Geisinger, IBM create predictive technology to flag sepsis risk
DANVILLE– Geisinger and the IBM Data Science Elite team have broken new ground in detecting sepsis risk by creating a sophisticated predictive model using data from the integrated health system’s electronic health record.
The body’s response to an infection can cause sepsis, a potentially life-threatening condition that affects about 1.7 million American adults. Sepsis is a complex syndrome that is difficult to identify early, as symptoms such as fever and low blood pressure overlap with other common illnesses. The infection is linked to more than 250,000 deaths annually.
Geisinger’s team of scientists, led by Dr. Shravan Kethireddy, initiated the project to build a predictive model for sepsis mortality based on data from an actual, critical hospital setting. Partnering with the IBM Data Science and AI Elite teams, they assembled a six-person swat team to develop two projects: a model to predict sepsis mortality and a tool to keep the team on top of the latest sepsis research.
“For clinicians, making a sepsis diagnosis can be very difficult, as the symptoms overlap with many other common illnesses.
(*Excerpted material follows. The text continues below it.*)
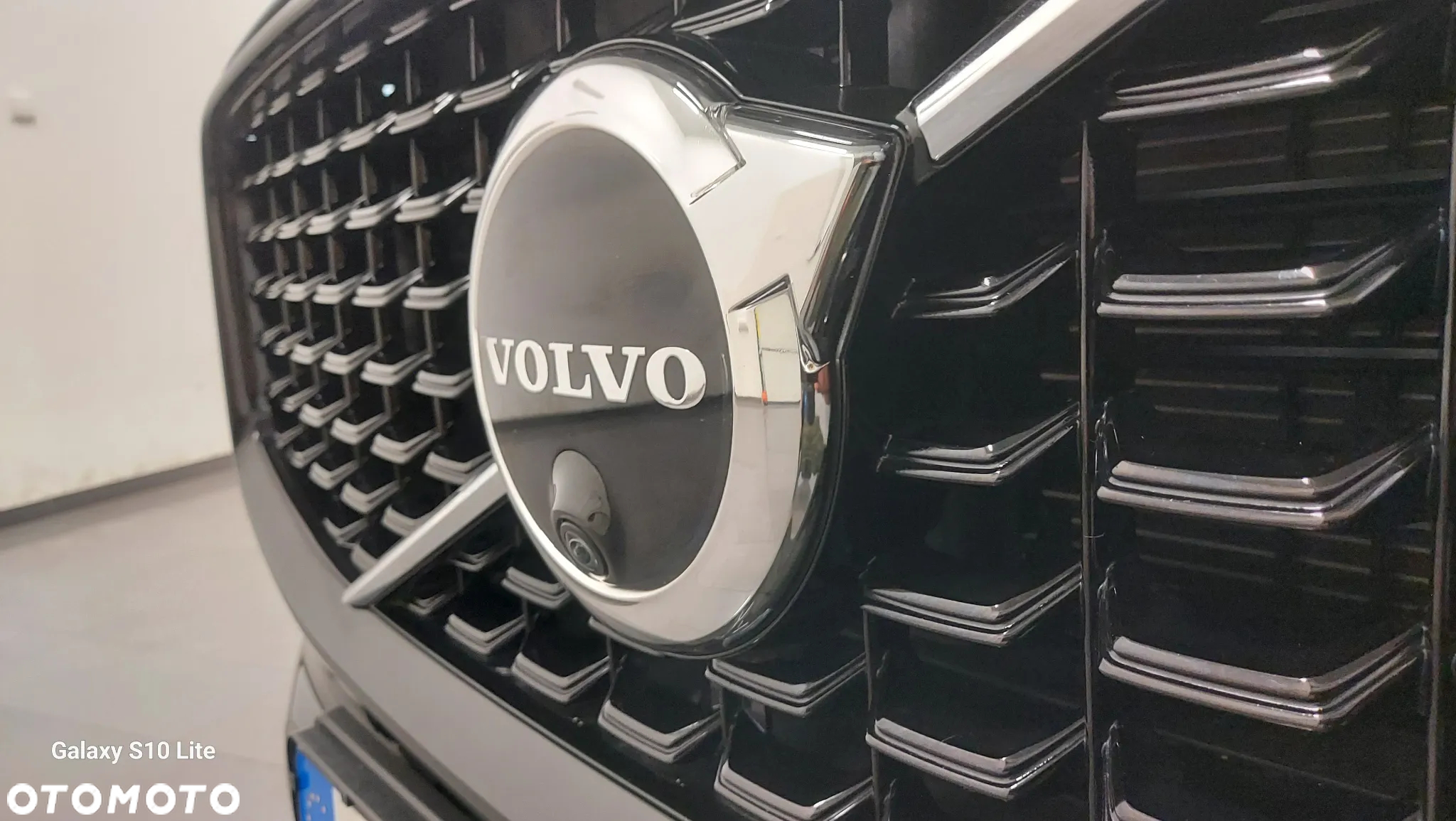Volvo XC 60 B4 D Plus Dark - 13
If we can identify patients more quickly and more accurately, we can administer the right treatments early and increase the chances of a positive outcome,” said Dr. Donna Wolk, division director, Molecular and Microbial Diagnostics and Development at Geisinger.
The team used IBM Watson Studio open source tools to build a predictive model that would ingest clinical data from thousands of de-identified sepsis patients spanning a decade. Then they used all the data to build another model to predict patient mortality during the hospitalization period or during the 90 days following their hospital stay. The model helped researchers identify clinical biomarkers associated with higher rates of mortality from sepsis by predicting death or survival of patients in the test data.
“Our experience using machine learning and data science has been very positive, and we see huge potential to continue its use in the medical field,” said Dr. Vida Abedi, Geisinger staff scientist, Department of Molecular and Functional Genomics. “We are well on our way to breaking new ground in clinical care for sepsis and achieving more positive outcomes for our patients.”
Armed with the new model, Geisinger can develop more personalized clinical care plans for at-risk sepsis patients. Geisinger hopes to increase patient chances of recovery by paying attention to the key factors linked to sepsis deaths.
“It’s very important for me as a clinician and a research scientist to save patient lives using all the knowledge of the data and the clinical background”, said Dr. Hosam Farag, a bioinformatic scientist in Geisinger’s Diagnostic Medicine Institute. “Machine learning can close the care gaps and optimize the treatment. That makes me passionate about how to save patient lives.”
The project revealed descriptive and clinical features such as age, prior cancer diagnosis, decreased blood pressure, number of hospital transfers, and time spent on vasopressor medicines, and even the type of pathogen, all key factors linked to sepsis deaths.